Monsieur le ministre, je vous remercie pour le tableau que vous avez dressé. Le temps dont je dispose ne me permet pas de vous faire connaître les raisons de mon opposition à vos appréciations, aussi bien sur la Russie que sur la Chine. Je vais donc en rester à ce qui est, pour le groupe La France insoumise, le danger le plus imminent et le plus préoccupant, puisque nous sommes directement impliqués : la situation au Sahel. Je ne vais pas l'envisager dans toutes ses dimensions, mais me concentrer sur l'urgence.

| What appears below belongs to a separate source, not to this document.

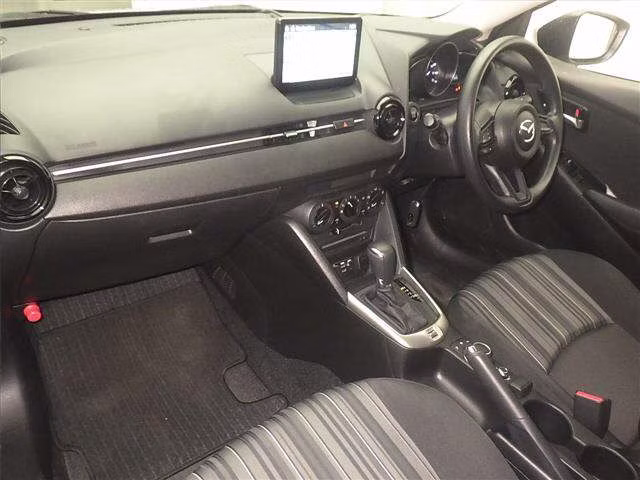MAZDA MAZDA2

Je ne partage pas votre enthousiasme pour l'accord d'Alger et la réunion de Kidal. L'accord d'Alger est rejeté par les autorités maliennes actuelles comme par les responsables de l'opposition, qui s'est exprimée dans les grands mouvements de mobilisation populaire qui ont été à l'origine du renversement du précédent Président de la République. Dans un contexte extrêmement instable, je m'alarme premièrement du risque d'élargissement de la zone. Certains de mes collègues y ont appelé. Pour ma part, je prévois surtout une extension des dangers et des menaces si nous ouvrons sans fin la zone dans laquelle les rapports de force militaires s'expriment aujourd'hui. Je fais référence à la forme prise par le G5.
Par ailleurs, un très grand nombre de manifestations populaires ont eu lieu, extrêmement denses et intenses, contre l'annonce par le maréchal-président Idriss Déby de sa candidature à un sixième mandat, après plus de trente ans de présidence. Nous savons ce qu'il en coûte de soutenir au-delà du raisonnable des gens qui ne sont plus soutenables. C'est précisément le cas du maréchal-président. En attendant, les derniers événements de samedi ont montré qu'il était entré dans une logique folle, et néanmoins conforme à ce qu'il est. La garde présidentielle, dirigée par son fils, a pris d'assaut le domicile de M. Dillo, l'un de ses opposants. Il en est résulté cinq morts, dont la mère de M. Dillo ainsi que son fils, pour ne rien dire des trois autres personnes qui méritent tout autant notre attention.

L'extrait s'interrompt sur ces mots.